Foodbox: Lebensmittel bedarfsgerecht liefern lassen
Es gibt mittlerweile viele Anbieter von so genannten Food- oder Kochboxen. Der Ablauf ist aber grundsätzlich gleich. Sie suchen sich aus dem Angebot Ihr Lieblingsrezept aus, das Sie demnächst für sich und eine definierte Anzahl an Essern zubereiten möchten. Außerdem können Sie meist wählen, ob Sie sich vegetarisch oder vegan ernähren wollen. Bei größeren Anbietern können Sie mit den angebotenen Rezepten sogar einer Diät (z. B. Low-Carb) folgen. Sie erhalten dann alle benötigten Zutaten per Paketdienst nach Hause geliefert. In der Regel sind die Zutaten sorgfältig und – falls erforderlich – gut gekühlt verpackt. Die Vorteile: Auf diese Weise erhalten Sie nur genau die Waren, die Sie benötigen. So können Sie sicher sein, dass Sie beim Einkauf keine wichtige Zutat vergessen haben. Die Nachteile: Es fällt beim Versenden möglicherweise Verpackungsmaterial an, das Sie bei einem Bauernmarkt-Einkauf mit Korb oder Einkaufstasche nicht hätten. Die meisten Foodboxen gibt es auch nur im Abo. Sie können aber wählen, wie oft oder in welchen Abständen Sie bestellen wollen. Vielbesteller erhalten von einigen Anbietern Rabatte oder Gutscheine.
Too Good To Go
Eine weitere gute Idee vom gleichnamigen Berliner Startup-Unternehmen hat das gleiche Ziel. Mit der angebotenen App können Verbraucher für wenig Geld übrig gebliebene Waren bestellen. Darin enthalten: Überschüssiges und unverkauftes Essen von Restaurants, Hotels, Bäckereien oder Supermärkten. Nur manchmal kann man sich sein Essen selbst aussuchen. Genommen wird eben, was vom Tage übrig geblieben ist. Man bestellt online und muss meist zu einem fest vereinbarten Zeitpunkt am Abholort erscheinen. Gezahlt wird ausschließlich unbar. In der Regel bekommt man das gerettete Essen zur Hälfte oder einem Drittel des Normalpreises. Manche Anbieter sind dabei äußerst großzügig, aber dann sind die Portionen auch schnell vorbestellt und ausverkauft. Ähnlich wie Too good to go funktioniert der in Finnland gegründete ResQ Club , der aber derzeit nur in Berlin aktiv ist.
Krumme Dinger
Ein Herz für krumme Gurken oder Obst mit Minimacken hat der Anbieter Etepetete . In den Bio-Obst- und Gemüse-Boxen befindet sich Ware, die nicht den üblichen Schönheits-Normen entspricht. Etepetete wirbt zudem mit plastikfreier Verpackung und CO2 neutralem Versand. Mit ein bisschen Glück bekommt man inzwischen auch schon beim Discounter solche „krummen Dinger“ und kann beim täglichen Einkauf aktiv gegen Lebensmittelverschwendung werden.

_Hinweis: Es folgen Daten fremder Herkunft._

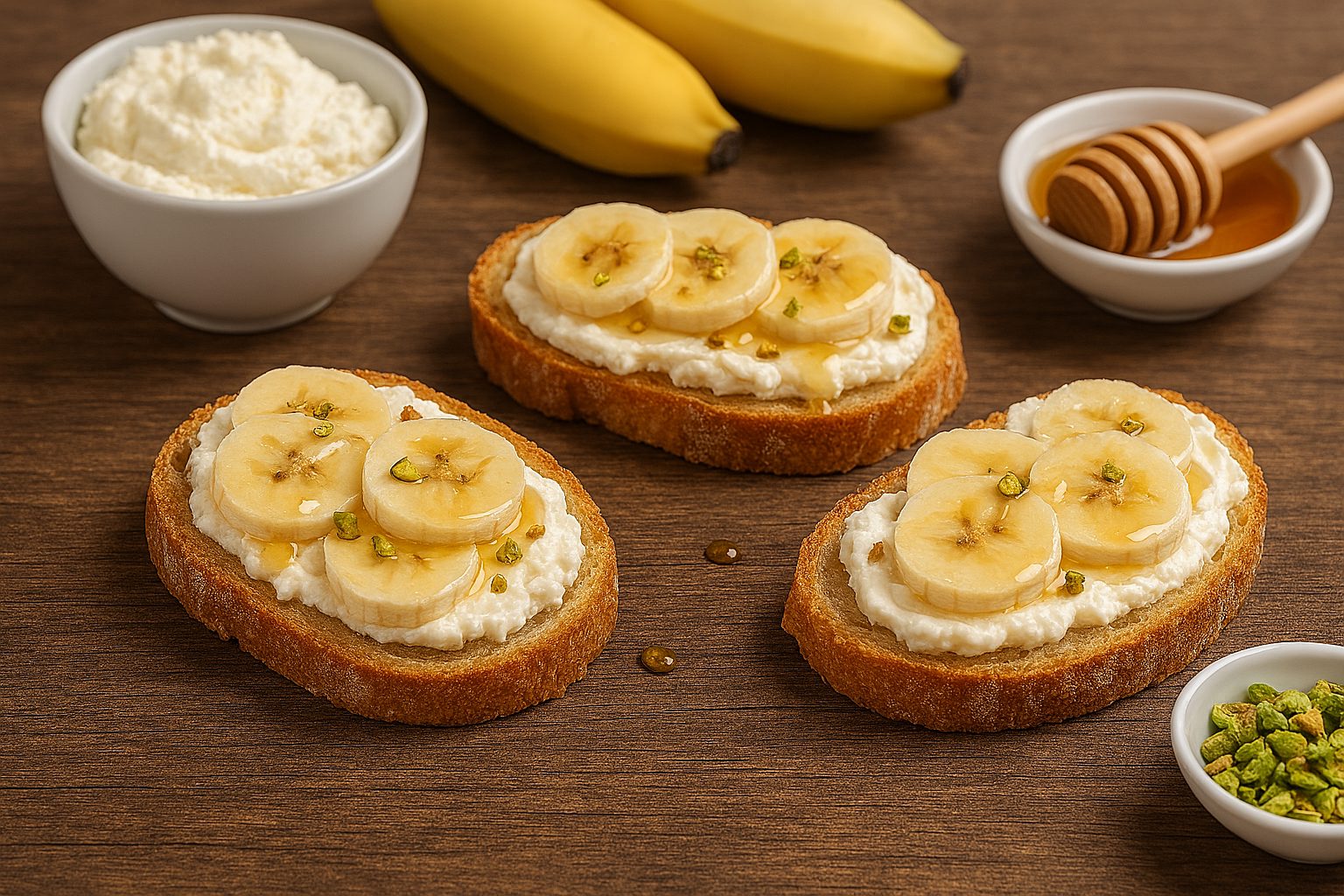 Сладкие бутерброды с рикоттой рецепт Сладкие бутерброды с рикоттой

Haltbarkeitsdatum und Verbrauchsdatum
Das Mindesthaltbarkeitsdatum ist kein Verfallsdatum. Die meisten Lebensmittel können auch nach dem Ablauf noch ohne weiteres gegessen werden. Anderes gilt nur für das Verbrauchsdatum leicht verderblicher Lebensmittel. Prüfen Sie das Lebensmittel mit Ihren Sinnen: Sieht es normal aus? Riecht und schmeckt es gut? Dann kann es in der Regel auch nach dem Mindesthaltbarkeitsdatum verzehrt werden. Bei Verfärbungen, Schimmelbildung, Geruchsveränderung oder Gasbildung sollten Sie Lebensmittel wegwerfen. Bei leicht verderblichen Lebensmitteln wie Fleisch oder Fisch muss das Verbrauchsdatum jedoch unbedingt eingehalten werden, weil sich Keime und Bakterien schnell vermehren können. Kaufen Sie empfindliche Produkte nicht auf Vorrat.